Per evitare tale deriva, si rende ora necessario al Cremlino prepararsi a qualsiasi soluzione, anche la più estrema. Già diversi governatori hanno evocato per Prigožin un destino simile a quella di Boris Pugo, il Ministro che partecipò indirettamente al tentato golpe del 1991 e per evitare l’arresto si suicidò (non prima di aver sparato alla moglie). Forse ricordo male, ma una volta i russi questo genere di “lavoro sporco” non lo lasciavano all’iniziativa del singolo (dove siamo, in America?), ma provvedevano essi stessi all’esecuzione in modalità più o meno legali. Anche questo è evidentemente un segno dei tempi.

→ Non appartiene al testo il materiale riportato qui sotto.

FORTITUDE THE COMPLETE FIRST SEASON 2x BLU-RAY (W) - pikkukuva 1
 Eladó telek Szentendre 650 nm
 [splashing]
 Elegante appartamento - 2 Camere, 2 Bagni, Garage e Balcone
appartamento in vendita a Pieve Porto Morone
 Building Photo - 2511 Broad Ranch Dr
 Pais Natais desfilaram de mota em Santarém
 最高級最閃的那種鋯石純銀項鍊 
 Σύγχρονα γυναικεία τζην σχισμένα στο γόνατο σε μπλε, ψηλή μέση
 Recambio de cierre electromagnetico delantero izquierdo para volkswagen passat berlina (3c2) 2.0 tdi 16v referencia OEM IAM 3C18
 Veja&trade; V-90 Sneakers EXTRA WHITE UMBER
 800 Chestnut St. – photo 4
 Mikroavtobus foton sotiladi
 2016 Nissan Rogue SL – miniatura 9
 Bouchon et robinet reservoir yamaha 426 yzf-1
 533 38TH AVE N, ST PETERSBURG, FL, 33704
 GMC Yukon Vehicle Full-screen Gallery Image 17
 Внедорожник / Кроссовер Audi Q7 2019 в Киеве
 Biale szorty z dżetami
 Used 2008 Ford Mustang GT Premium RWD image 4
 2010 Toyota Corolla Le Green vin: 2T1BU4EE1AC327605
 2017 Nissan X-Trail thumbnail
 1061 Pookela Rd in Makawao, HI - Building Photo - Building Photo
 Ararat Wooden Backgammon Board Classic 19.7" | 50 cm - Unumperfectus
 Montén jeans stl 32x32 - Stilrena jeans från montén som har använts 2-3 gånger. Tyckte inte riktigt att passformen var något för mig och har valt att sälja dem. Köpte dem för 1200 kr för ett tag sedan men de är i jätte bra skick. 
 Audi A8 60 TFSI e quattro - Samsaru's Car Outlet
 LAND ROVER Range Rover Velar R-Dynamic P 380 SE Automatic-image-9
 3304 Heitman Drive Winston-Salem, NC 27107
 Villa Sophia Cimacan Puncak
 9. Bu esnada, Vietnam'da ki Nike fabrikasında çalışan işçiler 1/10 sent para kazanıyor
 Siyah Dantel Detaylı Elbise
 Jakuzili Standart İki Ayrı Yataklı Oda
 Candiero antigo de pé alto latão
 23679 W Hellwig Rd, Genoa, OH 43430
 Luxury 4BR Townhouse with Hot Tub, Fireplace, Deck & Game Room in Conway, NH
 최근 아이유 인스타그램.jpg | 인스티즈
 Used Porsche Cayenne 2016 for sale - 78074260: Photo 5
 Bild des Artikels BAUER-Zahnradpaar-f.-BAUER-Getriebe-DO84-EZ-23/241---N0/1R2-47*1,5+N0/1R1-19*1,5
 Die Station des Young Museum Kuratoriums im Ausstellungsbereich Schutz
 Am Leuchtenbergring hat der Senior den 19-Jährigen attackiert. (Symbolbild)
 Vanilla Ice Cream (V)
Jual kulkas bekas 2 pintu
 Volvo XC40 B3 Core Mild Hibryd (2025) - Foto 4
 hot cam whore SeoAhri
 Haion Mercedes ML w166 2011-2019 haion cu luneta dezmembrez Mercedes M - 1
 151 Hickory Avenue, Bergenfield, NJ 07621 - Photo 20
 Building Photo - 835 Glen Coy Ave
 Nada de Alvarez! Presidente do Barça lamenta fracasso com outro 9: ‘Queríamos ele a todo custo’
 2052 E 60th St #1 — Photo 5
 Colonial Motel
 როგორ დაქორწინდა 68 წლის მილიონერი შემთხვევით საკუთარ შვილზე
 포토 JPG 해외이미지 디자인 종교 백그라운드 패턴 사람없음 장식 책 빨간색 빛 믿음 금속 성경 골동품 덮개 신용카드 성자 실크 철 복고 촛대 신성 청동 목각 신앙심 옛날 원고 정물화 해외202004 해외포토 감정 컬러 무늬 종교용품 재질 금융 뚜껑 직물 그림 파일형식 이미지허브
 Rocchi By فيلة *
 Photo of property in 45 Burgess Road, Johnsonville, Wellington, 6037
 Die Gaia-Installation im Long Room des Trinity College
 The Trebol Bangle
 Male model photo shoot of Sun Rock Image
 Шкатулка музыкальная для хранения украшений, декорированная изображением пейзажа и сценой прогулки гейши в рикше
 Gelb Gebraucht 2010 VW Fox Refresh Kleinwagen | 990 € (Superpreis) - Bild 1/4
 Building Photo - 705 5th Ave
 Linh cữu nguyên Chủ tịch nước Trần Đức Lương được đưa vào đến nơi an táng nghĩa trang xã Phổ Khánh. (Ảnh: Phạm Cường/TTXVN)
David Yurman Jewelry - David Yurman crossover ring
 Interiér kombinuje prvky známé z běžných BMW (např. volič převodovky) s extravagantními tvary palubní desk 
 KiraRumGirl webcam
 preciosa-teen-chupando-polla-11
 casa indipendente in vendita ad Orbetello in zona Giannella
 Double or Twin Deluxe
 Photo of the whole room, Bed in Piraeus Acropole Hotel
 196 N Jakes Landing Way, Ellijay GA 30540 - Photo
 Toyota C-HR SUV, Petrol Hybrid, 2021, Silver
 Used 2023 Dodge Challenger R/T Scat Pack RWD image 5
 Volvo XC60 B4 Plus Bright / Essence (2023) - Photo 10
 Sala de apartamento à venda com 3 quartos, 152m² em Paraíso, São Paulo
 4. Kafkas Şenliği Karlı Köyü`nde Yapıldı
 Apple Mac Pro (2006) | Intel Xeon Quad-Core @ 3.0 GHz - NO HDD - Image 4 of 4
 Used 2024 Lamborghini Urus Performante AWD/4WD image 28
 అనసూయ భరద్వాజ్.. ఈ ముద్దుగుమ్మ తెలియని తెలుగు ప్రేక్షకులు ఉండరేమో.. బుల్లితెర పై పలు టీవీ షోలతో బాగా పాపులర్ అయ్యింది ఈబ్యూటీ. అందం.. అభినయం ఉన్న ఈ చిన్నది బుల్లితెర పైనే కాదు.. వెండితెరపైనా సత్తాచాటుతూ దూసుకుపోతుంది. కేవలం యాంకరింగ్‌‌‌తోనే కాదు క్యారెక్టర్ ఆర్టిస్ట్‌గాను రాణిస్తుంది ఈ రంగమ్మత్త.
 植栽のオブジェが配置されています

Nel frattempo la stampa occidentale (ed ucraina) gongola alle voci che si sovrappongono su una evacuazione di massa degli oligarchi da Mosca, accompagnati dal “capo dei capi” stesso, che sarebbe partito verso le 14 col suo Il-96-300PU per la volta di San Pietroburgo, accompagnato da uno stormo di aerei presidenziali e business jet [biznes-dzhet], mentre per la gente comune un biglietto per Erevan attualmente arriva a 200 mila rubli, e i voli per Istanbul, Astana e Tbilisi sono tutti esauriti.

Secondo le ultime indiscrezioni inoltre sembra che il Cremlino abbia provato a negoziare con Prigožin oltre ogni limite ragionevole, alimentando una personalità già strabordante che a quanto pare cercava solo un pretesto per creare un “culto” attorno a sé. I tentativi di integare il Gruppo Wagner nell’apparato di difesa non sono andati a buon fine, nonostante sia intuibile da chiunque la difficoltà, da parte di una tellurocrazia, di condurre le guerre attraverso “compagnie private” (ancora una volta, non siamo in America).

Adesso pare che sia già giunto il momento delle extremae rationes, ma il dilemma è più che mai lancinante: annientare i mercenari prima che si avvicinino anche solo di 10 km dalla capitale, oppure attendere che la loro minaccia appaia più angosciante agli occhi dell’opinione pubblica e dunque trasformare Mosca e dintorni in un teatro di guerra? Il tempo per pensarci sta per scadere.